Pause ⏸️. Reflect πŸͺ©. Flourish 🌱.

Spring hasn't technically arrived yet, but you wouldn't know it from the energy inside the GGTM’s room last Wednesday.

Club President Shubham Saloni kicked things off with an icebreaker that had everyone thinking: "What is that one thing you look forward to in March?"

By the end of the night, the room had answered it in more ways than one.

🎀 Toastmaster for the Evening: Michelle Wen

Under the guidance of Toastmaster Michelle Wen, this week’s meeting explored what it means to begin again β€” whether that means breaking old rules, rebuilding direction, or stepping into something completely new.

🎀 Prepared Speeches

Mia Shen β€” "Rules" (2-Minute Special)

Mia challenged three personal rules β€” including dating younger, vacations are meant to be shared., and waiting until she felt fully prepared before speaking.

By breaking all three, she gained new perspectives β€” and perhaps the most important lesson of all:
Sometimes growth begins when we stop waiting to feel ready.

Juan Basulto β€” "Beginnings Are Messy"

Juan is navigating three new beginnings at once. He joined Toastmasters to sharpen his sales pitch and become a better communicator β€” someone customers actually remember. He's in the middle of a career transition, asking himself the kind of question that doesn't have an easy answer: Who is Juan going to be next?
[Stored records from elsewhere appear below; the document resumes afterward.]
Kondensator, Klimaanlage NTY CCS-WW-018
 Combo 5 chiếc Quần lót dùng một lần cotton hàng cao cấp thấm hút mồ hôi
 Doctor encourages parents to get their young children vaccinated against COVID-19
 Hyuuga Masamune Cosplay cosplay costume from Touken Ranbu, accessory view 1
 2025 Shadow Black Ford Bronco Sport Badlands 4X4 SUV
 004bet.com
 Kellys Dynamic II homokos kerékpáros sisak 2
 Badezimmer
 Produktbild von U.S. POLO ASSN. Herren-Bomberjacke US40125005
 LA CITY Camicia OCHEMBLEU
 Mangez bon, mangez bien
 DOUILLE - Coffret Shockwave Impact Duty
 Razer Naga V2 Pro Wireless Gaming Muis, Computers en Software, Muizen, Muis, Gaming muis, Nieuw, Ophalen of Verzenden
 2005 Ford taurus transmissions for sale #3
And he's running again after tearing his ACL, having learned that the way back isn't to push harder, but to slow down enough to let the healing happen β€” and come out stronger on the other side.

Caitlin Brown β€” "Ayahuasca & the Porpoise of Life"

The title alone earned its moment of silence.

Caitlin walked us through her experience with ayahuasca β€” a traditional plant brew she called the "Grandmother spirit" and a "Plant teacher." She described the taste (brewed wood. a plant juice cocktail), the ceremony, and the purpose behind it: confronting a problem, healing a wound, cleansing something that needed cleansing β€” including, yes, the physical kind.

It was thoughtful, grounded, and a little bit brave.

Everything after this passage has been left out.